DIRECTIONS:
From the entries below, please output exactly the lines starting at the one containing "Closeout! Crochet Indoor, Outdoor" and ending at the one containing "Futuristic City Night", both included.

DATASET RECORDS:
»»

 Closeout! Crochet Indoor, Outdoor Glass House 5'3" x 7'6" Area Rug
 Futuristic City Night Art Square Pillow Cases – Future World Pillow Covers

««
»»

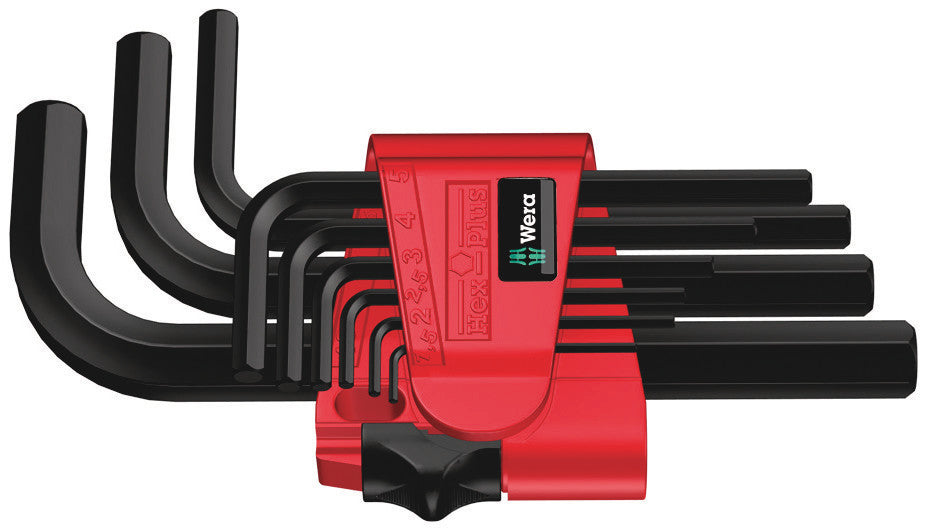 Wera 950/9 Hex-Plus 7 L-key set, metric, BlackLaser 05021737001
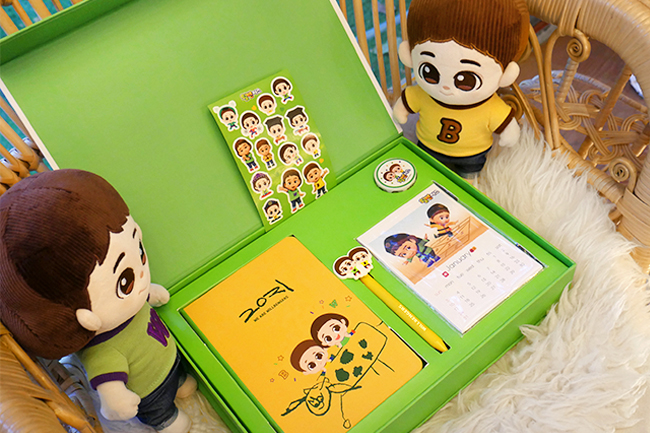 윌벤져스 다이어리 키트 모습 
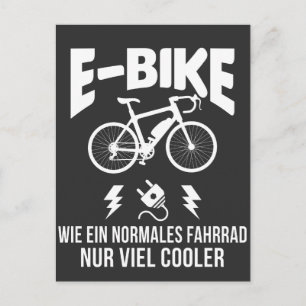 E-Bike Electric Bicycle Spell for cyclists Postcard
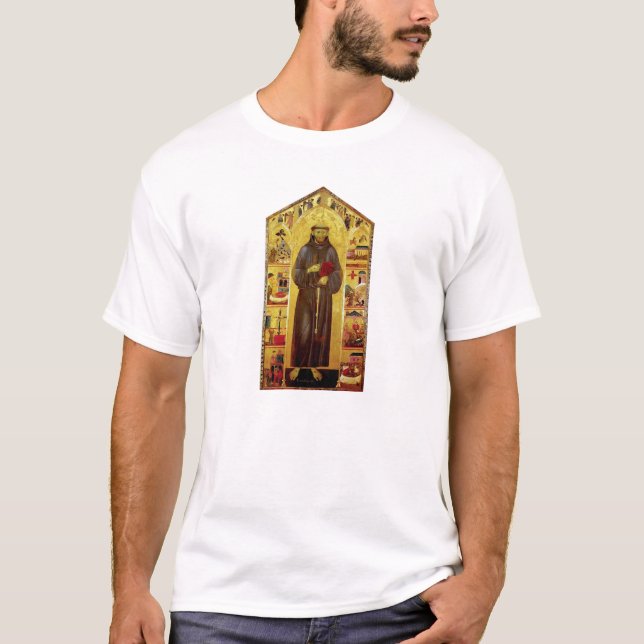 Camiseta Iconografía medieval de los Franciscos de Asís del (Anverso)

««
»»

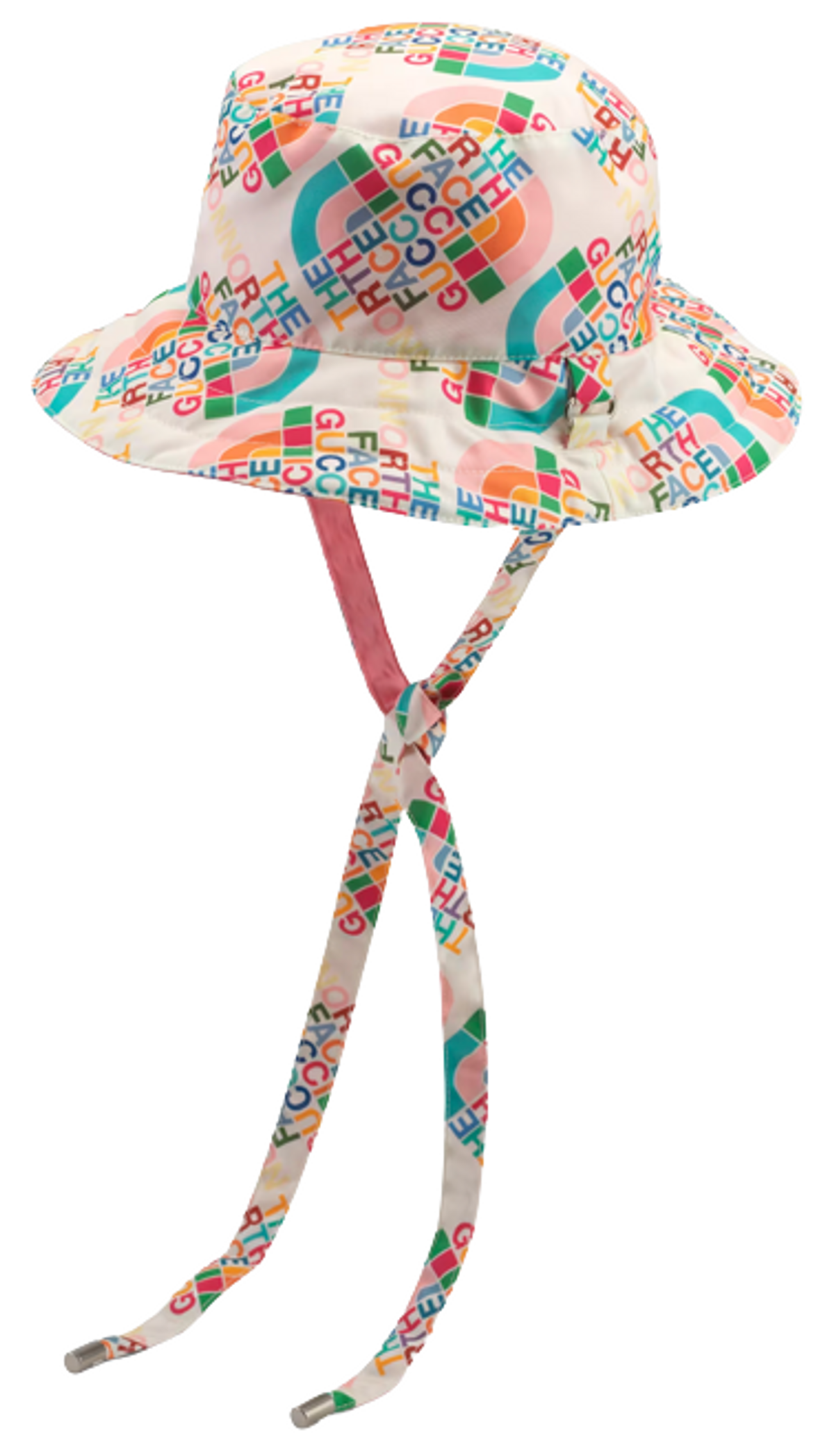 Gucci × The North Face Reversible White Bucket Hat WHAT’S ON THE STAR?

««

ANSWER SECTION:
 Closeout! Crochet Indoor, Outdoor Glass House 5'3" x 7'6" Area Rug
 Futuristic City Night Art Square Pillow Cases – Future World Pillow Covers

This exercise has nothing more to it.